Personal information
- Date of birth: 1936
- Date of death: 13 January 2019
- Place of death: Hyderabad, Telangana, India
- Position(s): Forward

Senior career*
- Years: Team / Apps / (Gls)
- Hyderabad City Police
- Hyderabad

International career
- India

= Mohammed Zulfiqaruddin =

Indian footballer (1936–2019)

Mohammed Zulfiqaruddin was an Indian association football player who played for the India national football team. He was part of the Indian team that reached the Semi-final of 1956 Summer Olympics.

==Playing career==
Zulfiqaruddin began his club football with Hyderabad City Police FC, one of the strongest sides in Indian football.
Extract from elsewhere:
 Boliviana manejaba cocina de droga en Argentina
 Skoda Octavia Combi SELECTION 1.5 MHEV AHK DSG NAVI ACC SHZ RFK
He represented India at the 1958 Asian Games. He captained the Andhra Pradesh team in Santosh Trophy from 1955 to 1967, and also captained the Andhra Police team in nationwide competitions such as the IFA Shield, Durand Cup and Rovers Cup. After outstanding performance with Hyderabad at the 1956–57 Santosh Trophy and winning the title defeating Bombay 4–1 in final, he along with Tulsidas Balaram were called up to the India national team. He died at the age of 83 in 2019. During his international duties, Zulfiqaruddin was managed and highly influenced by legendary Indian coach Syed Abdul Rahim.

He spoke about Rahim as, "He was a master at work. He made the Indian football team a formidable unit. He had the uncanny ability of spotting talent and turning them into solid players. But he was a strict disciplinarian."

==Honours==

India
- Merdeka Tournament runner-up: 1959

Hyderabad / Andhra Pradesh
- Santosh Trophy: 1956–57, 1957–58, 1965–66

Hyderabad City Police / Andhra Pradesh Police
- Durand Cup: 1957–58, 1961
- Rovers Cup: 1957, 1960, 1962, 1963–64
- DCM Trophy: 1959

==Bibliography==
- Kapadia, Novy (2017). "Barefoot to Boots: The Many Lives of Indian Football"
- Martinez, Dolores (2009). "Football: From England to the World: The Many Lives of Indian Football"
- Nath, Nirmal (2011). "History of Indian Football: Upto 2009–10"
- Dineo, Paul (2001). "Soccer in South Asia: Empire, Nation, Diaspora"
- "Triumphs and Disasters: The Story of Indian Football, 1889—2000."
- Majumdar, Boria (2006). "A Social History Of Indian Football: Striving To Score"
- Basu, Jaydeep (2003). "Stories from Indian Football"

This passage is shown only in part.